**Your instructions:**
Set down all of the entries precisely as they were written.

**Material for this exercise:**
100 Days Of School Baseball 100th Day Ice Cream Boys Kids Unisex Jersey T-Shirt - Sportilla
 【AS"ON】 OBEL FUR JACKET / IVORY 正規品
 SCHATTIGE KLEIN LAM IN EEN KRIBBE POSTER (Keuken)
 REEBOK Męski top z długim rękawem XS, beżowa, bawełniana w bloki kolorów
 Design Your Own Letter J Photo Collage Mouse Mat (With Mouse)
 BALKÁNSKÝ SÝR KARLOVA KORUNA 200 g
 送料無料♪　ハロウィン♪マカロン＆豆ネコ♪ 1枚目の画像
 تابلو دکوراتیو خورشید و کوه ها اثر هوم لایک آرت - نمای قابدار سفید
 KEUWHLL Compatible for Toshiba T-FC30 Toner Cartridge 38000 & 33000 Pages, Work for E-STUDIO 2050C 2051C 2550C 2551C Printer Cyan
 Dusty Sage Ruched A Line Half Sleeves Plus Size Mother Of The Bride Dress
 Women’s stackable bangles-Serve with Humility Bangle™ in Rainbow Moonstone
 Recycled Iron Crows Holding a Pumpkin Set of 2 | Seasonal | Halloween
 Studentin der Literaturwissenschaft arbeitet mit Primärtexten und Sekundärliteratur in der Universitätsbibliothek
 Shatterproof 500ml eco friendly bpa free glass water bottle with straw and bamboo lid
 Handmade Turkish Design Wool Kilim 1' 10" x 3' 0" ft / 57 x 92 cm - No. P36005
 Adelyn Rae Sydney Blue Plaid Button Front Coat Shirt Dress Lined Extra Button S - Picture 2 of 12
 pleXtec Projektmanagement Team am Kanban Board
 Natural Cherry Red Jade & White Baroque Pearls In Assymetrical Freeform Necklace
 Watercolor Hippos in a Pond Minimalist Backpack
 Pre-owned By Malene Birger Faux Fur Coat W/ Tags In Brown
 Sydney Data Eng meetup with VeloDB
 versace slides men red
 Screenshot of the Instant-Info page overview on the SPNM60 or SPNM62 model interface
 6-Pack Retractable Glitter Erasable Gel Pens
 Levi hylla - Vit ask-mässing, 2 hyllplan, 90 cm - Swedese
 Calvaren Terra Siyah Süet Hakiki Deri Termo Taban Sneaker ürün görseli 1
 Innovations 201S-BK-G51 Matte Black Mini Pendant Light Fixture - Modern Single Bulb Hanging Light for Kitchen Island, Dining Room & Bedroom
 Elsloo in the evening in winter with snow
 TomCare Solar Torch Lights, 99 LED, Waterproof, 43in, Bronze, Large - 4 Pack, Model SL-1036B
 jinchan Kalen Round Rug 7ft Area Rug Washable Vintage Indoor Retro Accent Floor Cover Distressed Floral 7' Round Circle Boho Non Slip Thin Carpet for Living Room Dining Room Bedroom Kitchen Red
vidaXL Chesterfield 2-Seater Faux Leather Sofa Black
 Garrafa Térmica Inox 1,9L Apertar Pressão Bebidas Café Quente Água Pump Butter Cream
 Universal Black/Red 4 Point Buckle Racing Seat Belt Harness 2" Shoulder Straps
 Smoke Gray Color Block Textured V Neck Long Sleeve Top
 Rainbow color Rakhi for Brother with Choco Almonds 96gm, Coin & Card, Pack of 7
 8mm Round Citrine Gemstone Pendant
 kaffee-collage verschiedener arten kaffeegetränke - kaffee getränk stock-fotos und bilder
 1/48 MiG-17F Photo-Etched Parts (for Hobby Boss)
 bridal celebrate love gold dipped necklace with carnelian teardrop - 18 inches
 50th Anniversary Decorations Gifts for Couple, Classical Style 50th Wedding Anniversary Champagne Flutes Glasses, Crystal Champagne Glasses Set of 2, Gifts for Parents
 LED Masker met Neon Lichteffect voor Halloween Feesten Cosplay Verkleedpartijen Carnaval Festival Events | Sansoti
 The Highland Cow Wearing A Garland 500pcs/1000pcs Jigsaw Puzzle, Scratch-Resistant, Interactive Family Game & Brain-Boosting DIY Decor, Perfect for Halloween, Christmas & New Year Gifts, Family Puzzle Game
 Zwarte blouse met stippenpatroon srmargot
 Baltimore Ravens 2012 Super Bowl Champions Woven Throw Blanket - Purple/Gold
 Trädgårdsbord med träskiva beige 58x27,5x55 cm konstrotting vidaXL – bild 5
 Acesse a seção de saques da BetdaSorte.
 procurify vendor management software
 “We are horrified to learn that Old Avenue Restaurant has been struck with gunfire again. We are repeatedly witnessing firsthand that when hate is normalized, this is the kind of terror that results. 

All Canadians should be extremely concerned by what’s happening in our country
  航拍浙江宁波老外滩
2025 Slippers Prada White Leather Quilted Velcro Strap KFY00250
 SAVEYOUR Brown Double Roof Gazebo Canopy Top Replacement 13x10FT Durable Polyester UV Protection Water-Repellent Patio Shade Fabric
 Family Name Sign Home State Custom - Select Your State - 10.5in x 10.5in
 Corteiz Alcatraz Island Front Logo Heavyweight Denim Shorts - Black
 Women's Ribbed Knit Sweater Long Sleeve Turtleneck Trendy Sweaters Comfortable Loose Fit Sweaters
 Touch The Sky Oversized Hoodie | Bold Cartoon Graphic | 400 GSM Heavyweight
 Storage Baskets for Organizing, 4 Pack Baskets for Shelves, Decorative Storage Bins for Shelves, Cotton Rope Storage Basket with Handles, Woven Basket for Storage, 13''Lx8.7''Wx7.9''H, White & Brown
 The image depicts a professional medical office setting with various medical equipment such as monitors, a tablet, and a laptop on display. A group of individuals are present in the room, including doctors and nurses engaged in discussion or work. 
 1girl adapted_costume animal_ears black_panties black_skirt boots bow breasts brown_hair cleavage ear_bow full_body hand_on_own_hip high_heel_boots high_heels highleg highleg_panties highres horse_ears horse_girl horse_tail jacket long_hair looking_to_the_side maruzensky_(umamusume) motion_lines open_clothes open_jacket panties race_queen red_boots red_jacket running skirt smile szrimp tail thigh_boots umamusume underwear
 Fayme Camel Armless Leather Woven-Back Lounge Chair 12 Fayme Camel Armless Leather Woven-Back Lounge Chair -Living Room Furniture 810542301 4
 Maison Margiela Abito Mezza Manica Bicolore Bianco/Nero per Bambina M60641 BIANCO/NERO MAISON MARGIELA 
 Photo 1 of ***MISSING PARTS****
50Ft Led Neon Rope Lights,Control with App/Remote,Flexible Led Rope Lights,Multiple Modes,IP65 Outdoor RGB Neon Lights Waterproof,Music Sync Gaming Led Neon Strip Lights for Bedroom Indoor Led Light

**Response to the exercise:**
100 Days Of School Baseball 100th Day Ice Cream Boys Kids Unisex Jersey T-Shirt - Sportilla
 【AS"ON】 OBEL FUR JACKET / IVORY 正規品
 SCHATTIGE KLEIN LAM IN EEN KRIBBE POSTER (Keuken)
 REEBOK Męski top z długim rękawem XS, beżowa, bawełniana w bloki kolorów
 Design Your Own Letter J Photo Collage Mouse Mat (With Mouse)
 BALKÁNSKÝ SÝR KARLOVA KORUNA 200 g
 送料無料♪　ハロウィン♪マカロン＆豆ネコ♪ 1枚目の画像
 تابلو دکوراتیو خورشید و کوه ها اثر هوم لایک آرت - نمای قابدار سفید
 KEUWHLL Compatible for Toshiba T-FC30 Toner Cartridge 38000 & 33000 Pages, Work for E-STUDIO 2050C 2051C 2550C 2551C Printer Cyan
 Dusty Sage Ruched A Line Half Sleeves Plus Size Mother Of The Bride Dress
 Women’s stackable bangles-Serve with Humility Bangle™ in Rainbow Moonstone
 Recycled Iron Crows Holding a Pumpkin Set of 2 | Seasonal | Halloween
 Studentin der Literaturwissenschaft arbeitet mit Primärtexten und Sekundärliteratur in der Universitätsbibliothek
 Shatterproof 500ml eco friendly bpa free glass water bottle with straw and bamboo lid
 Handmade Turkish Design Wool Kilim 1' 10" x 3' 0" ft / 57 x 92 cm - No. P36005
 Adelyn Rae Sydney Blue Plaid Button Front Coat Shirt Dress Lined Extra Button S - Picture 2 of 12
 pleXtec Projektmanagement Team am Kanban Board
 Natural Cherry Red Jade & White Baroque Pearls In Assymetrical Freeform Necklace
 Watercolor Hippos in a Pond Minimalist Backpack
 Pre-owned By Malene Birger Faux Fur Coat W/ Tags In Brown
 Sydney Data Eng meetup with VeloDB
 versace slides men red
 Screenshot of the Instant-Info page overview on the SPNM60 or SPNM62 model interface
 6-Pack Retractable Glitter Erasable Gel Pens
 Levi hylla - Vit ask-mässing, 2 hyllplan, 90 cm - Swedese
 Calvaren Terra Siyah Süet Hakiki Deri Termo Taban Sneaker ürün görseli 1
 Innovations 201S-BK-G51 Matte Black Mini Pendant Light Fixture - Modern Single Bulb Hanging Light for Kitchen Island, Dining Room & Bedroom
 Elsloo in the evening in winter with snow
 TomCare Solar Torch Lights, 99 LED, Waterproof, 43in, Bronze, Large - 4 Pack, Model SL-1036B
 jinchan Kalen Round Rug 7ft Area Rug Washable Vintage Indoor Retro Accent Floor Cover Distressed Floral 7' Round Circle Boho Non Slip Thin Carpet for Living Room Dining Room Bedroom Kitchen Red
vidaXL Chesterfield 2-Seater Faux Leather Sofa Black
 Garrafa Térmica Inox 1,9L Apertar Pressão Bebidas Café Quente Água Pump Butter Cream
 Universal Black/Red 4 Point Buckle Racing Seat Belt Harness 2" Shoulder Straps
 Smoke Gray Color Block Textured V Neck Long Sleeve Top
 Rainbow color Rakhi for Brother with Choco Almonds 96gm, Coin & Card, Pack of 7
 8mm Round Citrine Gemstone Pendant
 kaffee-collage verschiedener arten kaffeegetränke - kaffee getränk stock-fotos und bilder
 1/48 MiG-17F Photo-Etched Parts (for Hobby Boss)
 bridal celebrate love gold dipped necklace with carnelian teardrop - 18 inches
 50th Anniversary Decorations Gifts for Couple, Classical Style 50th Wedding Anniversary Champagne Flutes Glasses, Crystal Champagne Glasses Set of 2, Gifts for Parents
 LED Masker met Neon Lichteffect voor Halloween Feesten Cosplay Verkleedpartijen Carnaval Festival Events | Sansoti
 The Highland Cow Wearing A Garland 500pcs/1000pcs Jigsaw Puzzle, Scratch-Resistant, Interactive Family Game & Brain-Boosting DIY Decor, Perfect for Halloween, Christmas & New Year Gifts, Family Puzzle Game
 Zwarte blouse met stippenpatroon srmargot
 Baltimore Ravens 2012 Super Bowl Champions Woven Throw Blanket - Purple/Gold
 Trädgårdsbord med träskiva beige 58x27,5x55 cm konstrotting vidaXL – bild 5
 Acesse a seção de saques da BetdaSorte.
 procurify vendor management software
 “We are horrified to learn that Old Avenue Restaurant has been struck with gunfire again. We are repeatedly witnessing firsthand that when hate is normalized, this is the kind of terror that results. 

All Canadians should be extremely concerned by what’s happening in our country
  航拍浙江宁波老外滩
2025 Slippers Prada White Leather Quilted Velcro Strap KFY00250
 SAVEYOUR Brown Double Roof Gazebo Canopy Top Replacement 13x10FT Durable Polyester UV Protection Water-Repellent Patio Shade Fabric
 Family Name Sign Home State Custom - Select Your State - 10.5in x 10.5in
 Corteiz Alcatraz Island Front Logo Heavyweight Denim Shorts - Black
 Women's Ribbed Knit Sweater Long Sleeve Turtleneck Trendy Sweaters Comfortable Loose Fit Sweaters
 Touch The Sky Oversized Hoodie | Bold Cartoon Graphic | 400 GSM Heavyweight
 Storage Baskets for Organizing, 4 Pack Baskets for Shelves, Decorative Storage Bins for Shelves, Cotton Rope Storage Basket with Handles, Woven Basket for Storage, 13''Lx8.7''Wx7.9''H, White & Brown
 The image depicts a professional medical office setting with various medical equipment such as monitors, a tablet, and a laptop on display. A group of individuals are present in the room, including doctors and nurses engaged in discussion or work. 
 1girl adapted_costume animal_ears black_panties black_skirt boots bow breasts brown_hair cleavage ear_bow full_body hand_on_own_hip high_heel_boots high_heels highleg highleg_panties highres horse_ears horse_girl horse_tail jacket long_hair looking_to_the_side maruzensky_(umamusume) motion_lines open_clothes open_jacket panties race_queen red_boots red_jacket running skirt smile szrimp tail thigh_boots umamusume underwear
 Fayme Camel Armless Leather Woven-Back Lounge Chair 12 Fayme Camel Armless Leather Woven-Back Lounge Chair -Living Room Furniture 810542301 4
 Maison Margiela Abito Mezza Manica Bicolore Bianco/Nero per Bambina M60641 BIANCO/NERO MAISON MARGIELA 
 Photo 1 of ***MISSING PARTS****
50Ft Led Neon Rope Lights,Control with App/Remote,Flexible Led Rope Lights,Multiple Modes,IP65 Outdoor RGB Neon Lights Waterproof,Music Sync Gaming Led Neon Strip Lights for Bedroom Indoor Led Light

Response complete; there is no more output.